Every injured worker is unique, however we (workers) define a majority of ourselves by the work we do. Some of us have worked very hard and long to obtain our job status and our personal investment in our work can be enormous. For this reason alone, “career” people have— probably— the worst time when they become seriously injured and disabled. For those who made massive efforts to climb the “career ladder” only to lose what they accomplished due to injury/illness can be shattering.
Challenges seriously injured workers face – part 3: loss of self esteem
Once injured workers have lost the job they have worked for so hard and so long due to a serious injury and/or disability, they all sooner or later realise the worst thing about their new state: IT IS BORING!
As discussed in our previous article, this is why it is extremely important that you create a new structure and routine for yourself to keep yourself busy and sane.
However, just because you are disabled, it does not mean that you cannot be “busy”. You will obviously be more physically (and or mentally) limited than before your work incident, but you will need to try to make the most of your time.

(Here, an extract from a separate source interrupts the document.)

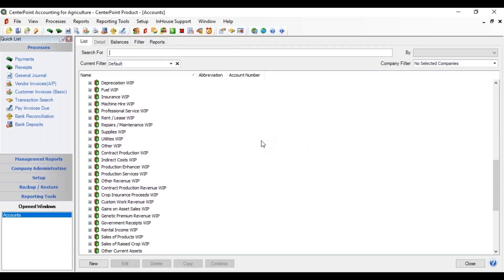Those are all the changes that need to be made to your accounts, and we are now ready to start our first transaction of purchasing prepaid products.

Many seriously injured and disabled people feel, at least initially, a sense of shame due to their ‘new’ state of being [disabled].
You must remember that it was not your choice to become seriously injured and/or disabled. However, it is your choice whether to give into depressive thoughts and attitudes and thinking that you need to remove yourself from society just to avoid having to tell anyone you are disabled and are having problems. There are countless seriously injured and disabled people, many just like you. For this reason alone, you need to get out and interact with the world. The TV (and your bed) should not be your best and only friend. Chances are you will have the opportunity to meet new people and be exposed to new ideas that you never would experience if you were still working.
If you (or your family/close friends) believe your condition is overwhelming you should seek psychological counseling. It is also a good idea to take part in support groups with people suffering from a similar sort of injury or disability. Misery loves company. You will find out from other injured and disabled workers that there are (some) solutions to many of the problems you are experiencing.
Whatever you do, try not to lose your sense of humor, especially about yourself. Try to find some humor in your disability. As you probably will find out, self-deprecation is a very humbling and attractive personality trait. Everyone appreciates honesty peppered with humor!